Maska (Greek: Μάσκα; English: Mask) is a successful studio album by Greek artist Glykeria. It was released in early 1998 by Sony Music Greece and comprises the previous single Anapnoi Anatoli. The album was certified Gold by IFPI Greece.
The album also includes three well-known collaborations including internationally renowned Natasha Atlas and Pashalis Terzis.

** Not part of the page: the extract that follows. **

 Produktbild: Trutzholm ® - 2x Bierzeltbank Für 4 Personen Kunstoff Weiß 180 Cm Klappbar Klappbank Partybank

It received a three-star rating from AllMusic, which described it as "an engaging collection of contemporary and traditional Greek songs as performed by Glykeria, one of the most popular vocalists in Greece."

==Track listing==

| No. | Title | Length |
|---|---|---|
| 1. | "Mia Ginaika" (One woman) | 4:16 |
| 2. | "Pantou" (Everywhere) | 3:57 |
| 3. | "Anapnoi Anatoli" (Breaths from the east) | 4:00 |
| 4. | "Anna" (Anna) | 4:46 |
| 5. | "Agapi Hioni (feat. Natasha Atlas)" (Love as snow) | 4:36 |
| 6. | "Efiges Kai Eisai Akoma Edo" (You've gone and you're still here) | 4:02 |
| 7. | "Hathikame (feat. Pashalis Terzis)" (We're lost) | 4:12 |
| 8. | "Pire Na Vradiazei" (Its getting late) | 3:50 |
| 9. | "Giftisa Psihi Mou" (My soul is a gyps) | 4:03 |
| 10. | "S'Afto To Galaksia" (In this galaxy) | 3:57 |
| 11. | "Agapes Mou" (My loves) | 4:07 |
| 12. | "Feggarades Stis Kiklades" (The moon on the Cyclades) | 4:01 |
| 13. | "Ti Na Ftei" (Whose at fault) | 3:59 |
| 14. | "Na Paroume Fotia" (We are going to be set alight) | 3:47 |
| 15. | "Fos I Agapi Sou" (Your love is like light) | 3:30 |
| 16. | "Maska" (Mask) | 4:58 |

==Chart performance==
Maska was a successful album in Cyprus and Greece. The album was certified Gold in Greece within four months of its release.